The man disappeared from sight, and the image changed to one of the Earth from twenty-two thousand miles up, but the narration continued in his voice. "This is what the world looks like now."

"Oh my lord," Laird said, his British accent more pronounced than usual.

The once blue marble, as it had been affectionately called since the day of that famous Earth-rise picture taken by Buzz Aldrin on the moon, was now a dirty bright white. Accumulations of dust and ash high in the atmosphere were reflecting the sun's light back into space, denying its life-giving warmth to the Earth's surface.

I heard Teresa's mournful sobs, but couldn't see her face, which was turned away from me and hidden in her hands. The man from the space station continued. "Well, there you have it. We're all orphans now. There's nowhere else for us to go, even if there weren't a couple of missiles headed our way as I speak."

The image of the unfamiliar Earth faded and his face reappeared. He seemed more composed, the bust of a man who had accepted his fate and decided that his last few moments of life would best be spent in sober lucidity.

"Good luck to you, Mars-Geo, may God be with you."

As he uttered those words, an increasingly bright light slowly washed out his features, and he disappeared in a field of white, a beatific smile the last discernable evidence of his face to vanish. Presently, the monitor showed a black and white static raster, as the speakers conveying the audio transmission emitted a shrill whine. Then total silence.

"That's the sound of the microphone melting," Sanderson said. "They're gone." He turned and scanned the room, pausing a moment on each of us, then said, "We're all that's left." Looking at me, he exhaled and said, "I guess you're in charge of what's left of the American military now, General."
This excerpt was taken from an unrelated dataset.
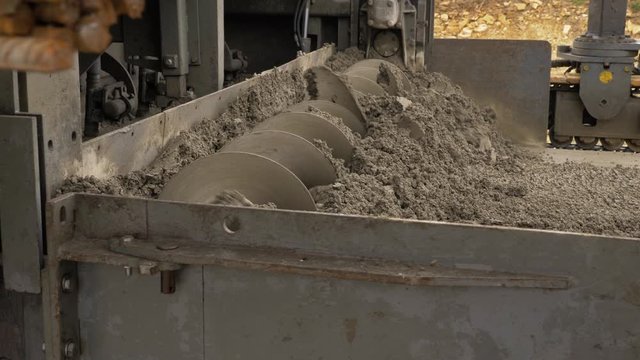 Fully mechanised process of concrete pavement construction. The slipform paver spreads the concrete over the full paving width with its auger. Preparation for laying a base layer. Shot right to left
"There are probably governments left on Earth," I said. "Although they must have hit Colorado pretty hard, I'll bet a substantial part of Space Command in Cheyenne Mountain survived, as well as the deep government bunkers in Pennsylvania and Montana."
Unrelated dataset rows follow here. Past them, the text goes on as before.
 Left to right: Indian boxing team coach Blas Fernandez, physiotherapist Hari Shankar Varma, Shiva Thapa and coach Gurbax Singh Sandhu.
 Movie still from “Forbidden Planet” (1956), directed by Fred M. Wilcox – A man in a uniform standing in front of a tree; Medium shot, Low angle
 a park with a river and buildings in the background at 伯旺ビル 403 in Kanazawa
I glanced at Teresa for support.

"I don't know, Liam. There are bunker busting tactical nuclear devices that burrow pretty deep. Even if those bunkers weren't completely destroyed, the people who survived wouldn't live long if power or air scrubbers were damaged. They'd have to stay down there for at least twenty years before surface conditions would marginally support life again, and that's probably an optimistic estimate."

She turned and addressed the others in that factual impersonal tone that most scientists use. "It'll be very hot on most of the surface for the first five years due to Cobalt 60--even in suits. It'll be hard to go to the surface to make repairs, and that's assuming the exit shafts weren't damaged."

Sanderson grinned, then turned my way. I could see the familiar glint in his eyes. He'd shifted gears, from morose refugee of a waning civilization, to a competitive debater unshakably locked on making his point.

"Well General, there you have it, from our resident physicist--the optimistic scenario."